BRIEF: From the line with "Vaga no Upwork: Figma" to the line with "Aretes Plata 925", retype every line exactly, including those two, and leave out the rest of the data below.

|---|

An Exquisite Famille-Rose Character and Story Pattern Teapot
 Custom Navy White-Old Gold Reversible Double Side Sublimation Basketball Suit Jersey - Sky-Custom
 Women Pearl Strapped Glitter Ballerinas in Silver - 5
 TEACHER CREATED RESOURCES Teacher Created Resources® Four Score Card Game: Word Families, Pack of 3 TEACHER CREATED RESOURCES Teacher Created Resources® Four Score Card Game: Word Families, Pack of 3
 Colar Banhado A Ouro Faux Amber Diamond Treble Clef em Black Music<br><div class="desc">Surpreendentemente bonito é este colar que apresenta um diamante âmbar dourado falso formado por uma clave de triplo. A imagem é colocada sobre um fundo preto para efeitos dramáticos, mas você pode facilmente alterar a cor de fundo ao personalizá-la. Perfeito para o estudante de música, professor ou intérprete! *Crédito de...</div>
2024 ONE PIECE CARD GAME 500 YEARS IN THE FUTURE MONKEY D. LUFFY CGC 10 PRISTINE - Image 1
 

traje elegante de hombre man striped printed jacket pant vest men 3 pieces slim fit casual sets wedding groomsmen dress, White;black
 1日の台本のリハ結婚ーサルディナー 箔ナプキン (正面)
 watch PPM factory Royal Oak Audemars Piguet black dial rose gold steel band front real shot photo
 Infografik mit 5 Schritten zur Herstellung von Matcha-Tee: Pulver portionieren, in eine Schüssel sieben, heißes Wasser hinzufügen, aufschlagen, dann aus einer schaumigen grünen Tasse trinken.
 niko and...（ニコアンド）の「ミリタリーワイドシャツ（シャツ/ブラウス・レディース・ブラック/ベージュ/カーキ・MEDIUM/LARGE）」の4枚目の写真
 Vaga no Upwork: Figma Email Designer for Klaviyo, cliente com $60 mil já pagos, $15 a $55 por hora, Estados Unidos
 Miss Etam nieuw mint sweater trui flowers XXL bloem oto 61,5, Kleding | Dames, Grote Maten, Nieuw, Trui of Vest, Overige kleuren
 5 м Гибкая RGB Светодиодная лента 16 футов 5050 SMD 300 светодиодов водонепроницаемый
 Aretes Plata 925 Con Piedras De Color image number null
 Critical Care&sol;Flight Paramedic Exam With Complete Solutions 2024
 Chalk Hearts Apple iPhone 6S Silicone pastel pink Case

|---|

PROBLEM SOLUTION:
 Vaga no Upwork: Figma Email Designer for Klaviyo, cliente com $60 mil já pagos, $15 a $55 por hora, Estados Unidos
 Miss Etam nieuw mint sweater trui flowers XXL bloem oto 61,5, Kleding | Dames, Grote Maten, Nieuw, Trui of Vest, Overige kleuren
 5 м Гибкая RGB Светодиодная лента 16 футов 5050 SMD 300 светодиодов водонепроницаемый
 Aretes Plata 925 Con Piedras De Color image number null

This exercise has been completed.